There is not much Israelis can do about Egyptian public opinion so they have focused their attention on trying to figure who they can trust and building a relationship with the SCAF. There are both good practical reasons for the Israelis to reach out to the military—the SCAF is, after all, in charge and there is a security problem in Sinai—and a more profound rationale: the officers are the only people left whom the Israelis know and with whom it is not political suicide (yet) to have contact. Still, Israel’s relationship with Egypt’s Ministry of Defense has not always been smooth. In 2007, for example, when Congress was seeking to dock part of Egypt’s military assistance, Egypt’s military establishment was hopping mad at the Israelis for what the officers believed was Israel’s role in stoking anti-Egypt sentiment on Capitol Hill. Granted, the officers are overlooking a variety of issues—police brutality, repression of peaceful protests, egregious violations of basic individual rights—that led some in Congress to try to penalize Egypt through a reduction in its annual military assistance package, but Israel’s protests to Washington about Gaza tunnel smuggling certainly contributed to congressional hostility toward Cairo.

If the SCAF is indeed Israel’s best ally in Egypt, the Israelis have a lot of work to do. It seems that the Israelis understand this and have been relatively more forthcoming than in the past concerning the deployment of Egyptian forces in Sinai.  Of course, the Israelis are very worried about chaos in Sinai and what that means for their own security—an issue that became live with the recent flare-up of violence along the Israel-Gaza border and the Egyptian-Israeli frontier.  Still, Israel’s green light for the deployment of approximately 2,500 troops in mid-August, an additional deployment of 1,500 this week, and, importantly an indication that Jerusalem may be prepared to show some flexibility on provisions that restrict Egyptian forces in Sinai, are all Israel’s way of throwing the SCAF a political bone.  The Israelis don’t always read their neighbors correctly, but they seem to have come to understand how Egypt’s limited sovereignty in Sinai hurts the SCAF politically and Israel physically.

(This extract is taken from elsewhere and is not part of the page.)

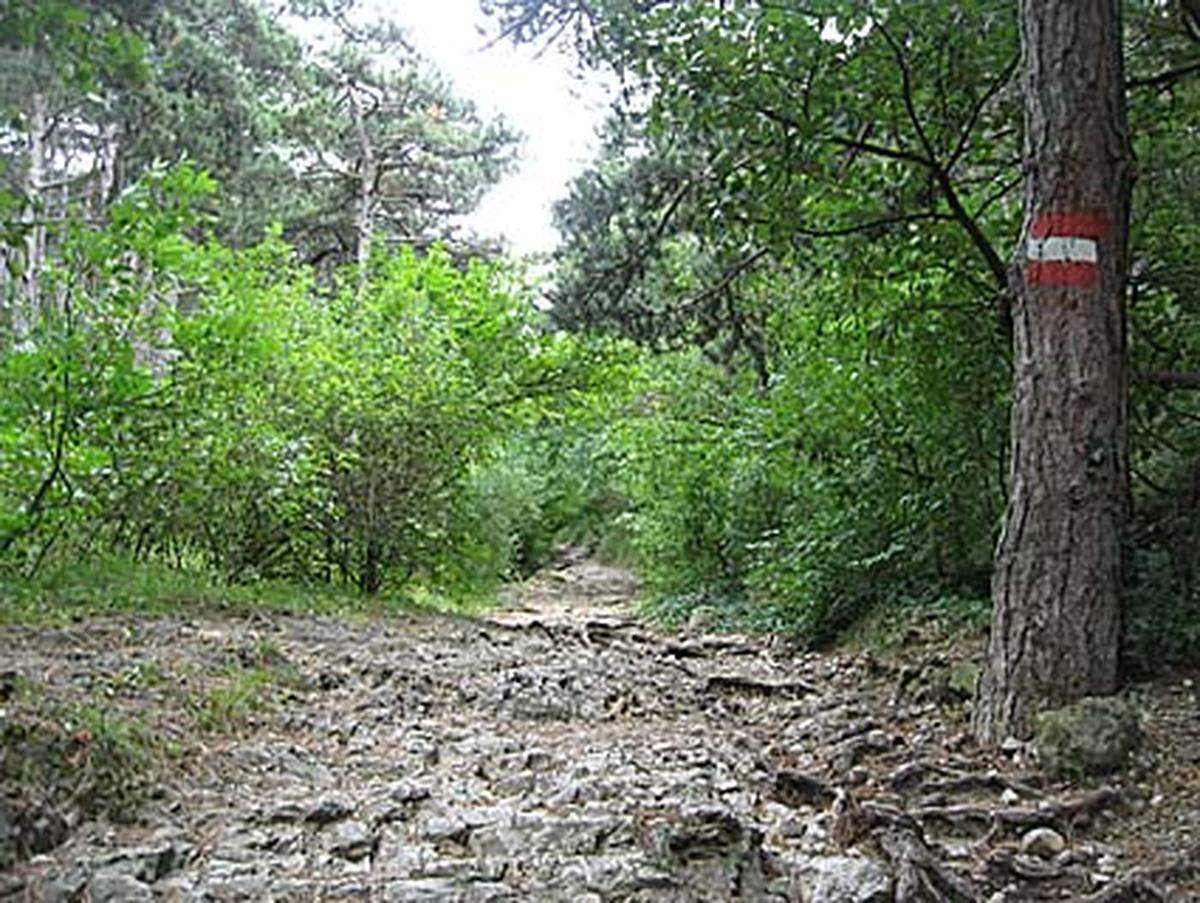 ... und von dort über die Goldene Stiege in den dichten Föhrenwald - nicht umsonst heißt das Erholungsgebiet Naturpark Föhrenberge. Am oberen Ende des ansteigenden Pfades wartet die erste Variante:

The emerging Israeli policy is a risk, though.  It may not be so easy for a larger Egyptian force in Sinai to pacify the region, which by most accounts is awash in guns and bad guys of all varieties.  That provides further rationale for additional forces in Sinai, which dovetails nicely with the political benefits for the SCAF and virtually everyone else in Egypt associated with A larger military footprint in Sinai.  The Israelis would thus find themselves in the uncomfortable position of having enabled a fundamental change in the Camp David Accords and Egypt-Israel peace treaty without simultaneously resolving or even mitigating the Sinai security problem.  As they say in Israel, “nidfaknu.”

 

The Eagle Has Landed…In Sinai?

Posted August 17, 2011

Let’s review what’s happening in the Middle East:  Syrian forces are attacking peaceful protesters throughout the country; Iraq is cleaning up from one of the worst days of violence in recent memory; Libyan rebels are knocking on Tripoli’s door; former Egyptian President Hosni Mubarak’s trial for murder and corruption was adjourned until September 5; Egypt’s Supreme Council of the Armed Forces is turning up the heat on revolutionary activists with the arrest of Asmaa Mahfouz; and in what has been dubbed “Operation Eagle,” Egypt deployed approximately 2,500 troops and somewhere in the neighborhood of 250 armored vehicles, including tanks, to al Arish, Sheikh Zuwayd, and Rafah deep into the Sinai. Just another week… Wait, the Egyptians did what?  They sent thousands of troops into the Sinai?  That’s not supposed to happen, right?  The Camp David Accords and the Egypt-Israel peace treaty limit Egyptian military forces to an area about 30 miles east of the Suez Canal.  This is a huge story and besides a brief article in the Washington Post, a report on CNN.com, and an article in Time (yes, Time) the media has largely ignored the deployment.  Sadly, deep fried butter on a stick at the Iowa State Fair has received way more coverage over this weekend than a military move that has the potential to alter longstanding agreements between Egypt and Israel.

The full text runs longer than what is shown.